There may be so many different acquisition channels involving other platforms, so the job of these data scientists is to help build pipelines that link company’s data with the third parties. These data scientists also help design and analyze scalable experiments with both offline (not tracked at a user level) and online (more traditional A/B experiments) tests.
The Product DS
The second category of data scientists focus on analyzing changes to the core product, including search rankings and price recommendations.
For example for a hotel booking company they’ll often use datasets with logged search queries, calendar preferences, and booking flow interactions. These projects tend to be a mix of experimental analysis and product development (with machine learning models and simulations).
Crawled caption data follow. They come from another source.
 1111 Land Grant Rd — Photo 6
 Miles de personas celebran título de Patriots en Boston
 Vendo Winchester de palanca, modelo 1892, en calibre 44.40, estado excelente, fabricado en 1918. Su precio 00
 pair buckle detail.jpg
The challenge for this category of scientists is to keep things simple. It’s easy to propose a complex solution. It’s hard to come up with a simple one. You may come up with a complex model but many a times you have to convey the business logic behind the model to a non-technical person. Always keep these 3 rules in mind while deciding on a product feature: Simplicity Makes People Happy, Simplicity Makes People Think Better, Simplicity Makes People Spend Money. By channeling your thought process like a business person, you’ll be able to avoid many of the common mistakes.
Then comes the transactional DS or behavioral DS who mostly work on developing models that use machine learning techniques to identify anomalies in transaction data and user behavior data, respectively. These data scientists are also responsible for analyzing any product changes associated with these models, like payment options or verified identifications. In addition to working with the Product team, these data scientists will also often partner with operations teams, like Sales representatives, fraud analysts and security teams.
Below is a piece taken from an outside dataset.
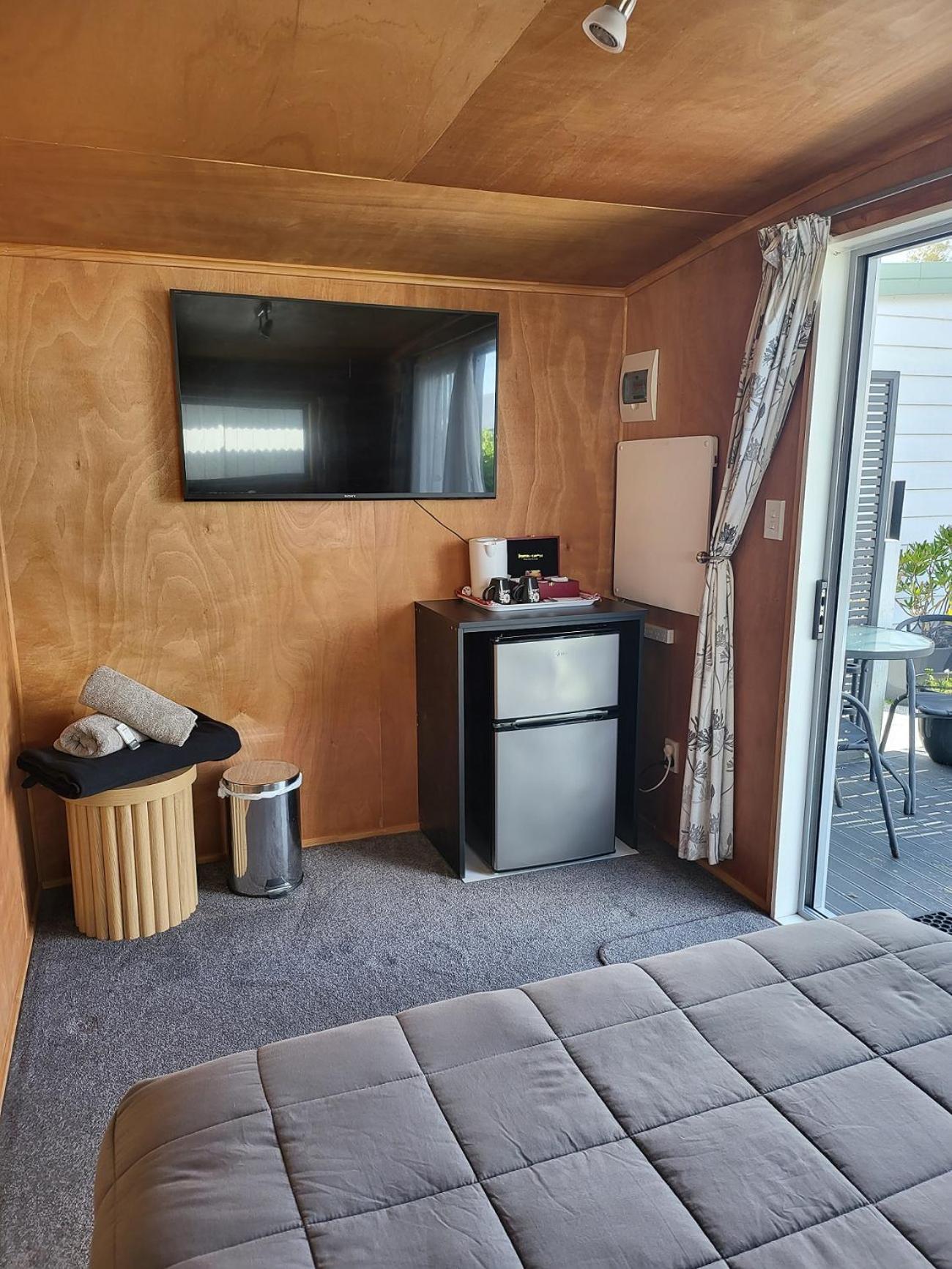 Tidewater Accommodation Coromandel Exterior photo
Lastly, the operational DSs who partner with the rest of the departments.
For example an operational data scientist will interact with policy, finance, sales, billing, marketing and human resources.
For example, some companies would calculate a Net Promoter Score (NPS) and try to find out which are the 3 steps that can be taken to increase the the score. Now, these steps can’t be taken in isolation by a particular department of the company. Multiple departments have to coordinate and act in sync to implement such steps. This is where the operational data scientists or core analytics team come into picture. In addition to having the machine learning skills these people need to have a good understanding of the business and look at ideas from a practical angle and they should also have good people kills to interact and convince others about these ideas.
These data scientists tend to rely more on third-party sources (like surveyed, census, or employee data) and less on experimental data.